2008-12-18Zeitschriftenartikel DOI: 10.18452/8637
‘The Sound of Silver’
Collaborating art, science and technology at Queen’s University, Belfast
In December 2007, the Naughton Gallery at Queen's will unveil a major, semi-permanent exhibition of silverware and sonic art, funded principally by NESTA (www.nesta.org.uk). Using technology developed by the University's Sonic Arts Research Centre (SARC) and interface design by a leading practitioner and curator of sound art, Chris Murphy, the exhibition aims to display and interpret the University's diverse and interesting silver collection in a fresh and innovative way. International sound artists are currently being commissioned to compose six-minute soundscapes based on individual items from the collection.

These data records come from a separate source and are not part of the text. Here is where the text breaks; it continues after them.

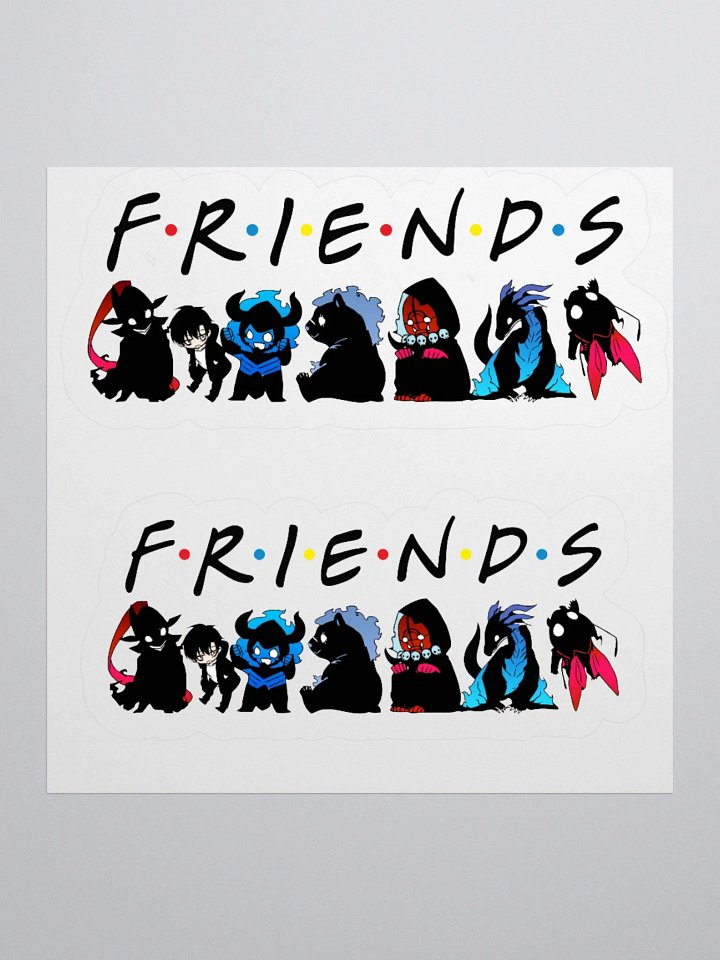 Loyal Shadows, Unbreakable Bonds product image (2)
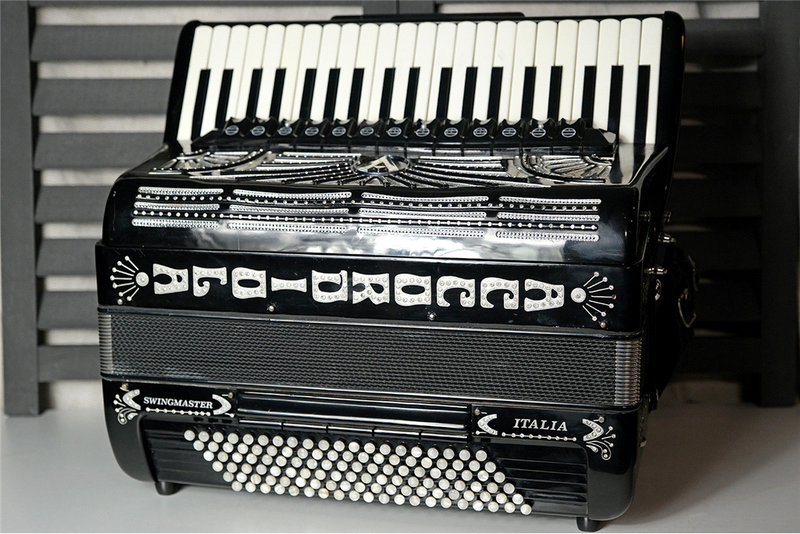 Swingmaster  (Occ.)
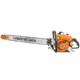 105cc Gas Chainsaw with 36'' Guide Bar Chain Compatible with Stihl G070 070 090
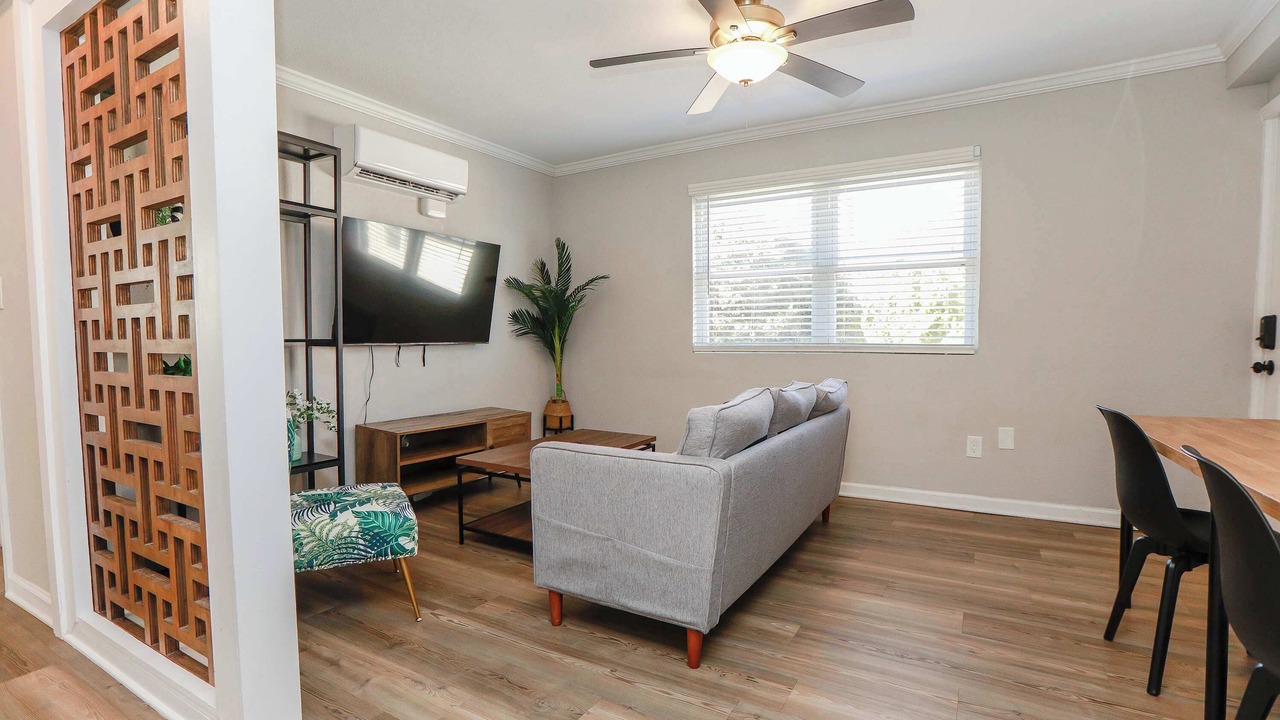 Photo of Livingroom in Cottage Line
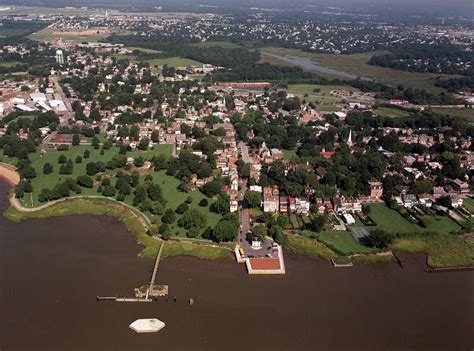 New Castle, Delaware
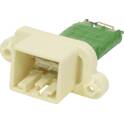 Resistor, interior blower Huco - 132541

Their responses will be based not only on the history and provenance of the items, but also on materials, techniques, and the aesthetic qualities or emotions attached to them; for example 'triumph' for a ceremonial mace, 'loss' or 'victory' for a crucifix, and 'affection' for a certain donation or bequest. To mark the occasion, a new silverware commission will use a combination of 21st century hydraulic-forming technology, together with the ancient crafts of hand-raising and planishing, and will be included as part of the visual and aural display. A film recording the production of this piece, together with 3D images and the soundscapes, will then be brought together in an interactive display accessible to people of diverse ages and abilities. This paper considers both practical and theoretical concerns relating to this project.